Street Fighter 6 is here, and honestly, it’s one of the best fighting games I’ve played in years. Not only is it a fun and polished fighter, but the single player World Tour mode is an absolute revelation. I’ve been waiting for something like this to come to the series for 30 years! And now it’s finally here, just two weeks after The Legend of Zelda: Tears of the Kingdom, so I’m also kind of wondering why the fuck I can barely do anything? It’s honestly pretty frustrating at times.
Don’t get me wrong, the addition of the Yakuza inspired exploration of Metro City is fantastic.
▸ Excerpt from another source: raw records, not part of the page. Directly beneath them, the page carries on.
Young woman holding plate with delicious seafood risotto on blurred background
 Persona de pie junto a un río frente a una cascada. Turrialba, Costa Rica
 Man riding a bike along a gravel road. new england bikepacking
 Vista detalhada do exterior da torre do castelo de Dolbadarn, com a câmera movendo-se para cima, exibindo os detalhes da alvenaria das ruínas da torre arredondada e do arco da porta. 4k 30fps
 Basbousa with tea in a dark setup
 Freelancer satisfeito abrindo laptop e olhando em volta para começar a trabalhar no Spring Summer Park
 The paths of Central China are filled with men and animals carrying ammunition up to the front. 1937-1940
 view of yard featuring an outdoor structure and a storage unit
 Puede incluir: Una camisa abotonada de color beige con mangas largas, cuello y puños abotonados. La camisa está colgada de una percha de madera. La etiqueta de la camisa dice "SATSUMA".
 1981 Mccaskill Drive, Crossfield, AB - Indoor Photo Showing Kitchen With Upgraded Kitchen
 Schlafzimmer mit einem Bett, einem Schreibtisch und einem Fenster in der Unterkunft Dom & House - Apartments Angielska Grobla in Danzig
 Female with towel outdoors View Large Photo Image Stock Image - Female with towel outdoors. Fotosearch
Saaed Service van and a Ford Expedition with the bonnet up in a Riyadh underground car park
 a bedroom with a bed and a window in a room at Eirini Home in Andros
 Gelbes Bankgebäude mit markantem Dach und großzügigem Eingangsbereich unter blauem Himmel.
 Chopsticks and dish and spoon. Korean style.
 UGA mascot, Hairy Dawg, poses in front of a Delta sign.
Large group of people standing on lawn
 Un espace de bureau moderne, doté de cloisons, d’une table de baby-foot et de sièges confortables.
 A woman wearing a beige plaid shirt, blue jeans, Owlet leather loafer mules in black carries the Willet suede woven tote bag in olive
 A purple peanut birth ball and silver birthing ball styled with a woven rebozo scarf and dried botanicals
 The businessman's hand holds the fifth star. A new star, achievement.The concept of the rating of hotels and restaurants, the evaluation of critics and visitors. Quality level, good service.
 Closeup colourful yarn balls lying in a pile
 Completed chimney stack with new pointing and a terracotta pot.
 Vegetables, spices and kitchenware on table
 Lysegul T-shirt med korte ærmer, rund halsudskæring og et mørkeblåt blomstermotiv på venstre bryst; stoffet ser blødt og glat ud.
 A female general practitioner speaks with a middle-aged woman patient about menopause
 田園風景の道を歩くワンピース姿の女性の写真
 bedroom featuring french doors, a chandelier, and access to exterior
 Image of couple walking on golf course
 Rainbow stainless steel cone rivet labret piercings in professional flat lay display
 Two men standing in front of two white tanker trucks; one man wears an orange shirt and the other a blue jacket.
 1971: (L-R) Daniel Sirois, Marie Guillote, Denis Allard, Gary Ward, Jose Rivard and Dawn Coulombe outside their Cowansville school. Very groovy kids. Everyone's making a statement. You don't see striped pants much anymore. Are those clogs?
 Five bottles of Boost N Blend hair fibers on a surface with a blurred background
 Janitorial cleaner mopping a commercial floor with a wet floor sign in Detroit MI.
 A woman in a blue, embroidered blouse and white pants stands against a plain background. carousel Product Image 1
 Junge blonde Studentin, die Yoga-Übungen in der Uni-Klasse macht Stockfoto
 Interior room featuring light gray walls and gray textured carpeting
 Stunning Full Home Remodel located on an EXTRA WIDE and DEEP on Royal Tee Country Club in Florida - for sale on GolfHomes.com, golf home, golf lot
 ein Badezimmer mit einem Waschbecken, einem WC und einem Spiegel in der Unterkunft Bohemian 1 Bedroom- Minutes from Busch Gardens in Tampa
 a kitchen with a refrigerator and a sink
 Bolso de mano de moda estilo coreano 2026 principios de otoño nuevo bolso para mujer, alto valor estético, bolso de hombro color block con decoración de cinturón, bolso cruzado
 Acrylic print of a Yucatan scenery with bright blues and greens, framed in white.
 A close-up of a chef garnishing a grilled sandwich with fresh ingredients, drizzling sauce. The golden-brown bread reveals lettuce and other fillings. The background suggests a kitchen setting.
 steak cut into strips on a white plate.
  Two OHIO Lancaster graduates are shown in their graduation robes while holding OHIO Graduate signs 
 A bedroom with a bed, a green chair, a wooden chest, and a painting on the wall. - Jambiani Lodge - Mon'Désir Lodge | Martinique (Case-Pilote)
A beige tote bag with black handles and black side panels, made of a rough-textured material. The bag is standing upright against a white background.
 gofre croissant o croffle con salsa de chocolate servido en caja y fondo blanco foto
It’s not only a clever way to help flesh out the finer points of the game’s controls, but also an entertaining story that brings to life a truly hilarious one-of-a-kind world. That’s pretty cool! But there’s a bunch of stuff laying around all the time, normal stuff, sticks and magazines and whatnot, and you can’t do shit with them! Can’t craft powerful hybrid weapons, can’t build functional machinery, nothing! Ultimately, Street Fighter 6 gets a lot right, but your ability to apply your creativity is limited to which attacks and special moves you use in combat. That’s it. It’s a pretty big letdown.
It’s not that I think every game should let you build and fuse and all of that, it’s just that, well, I don’t know. Couldn’t they?
I don’t want to be cynical here. I really, really liked the game. The fighting is great, the character designs are impressive, the online all seems to be working pretty solidly so far. Everything that’s there is great. I really did like it.
But I just want to stress again that you don’t build anything in this game. No rafts, no little trolley cars, NOTHING. A shocking misfire from the long-time developers at Capcom, who usually have their fingers on the pulse of gaming.
In short, Street Fighter 6 is fun, great even, but if we have to wait until Street Fighter 7 to see a worthy crafting system be added to the World Tour mode, well, it may be too late for this once dominant series to stay relevant I’m afraid.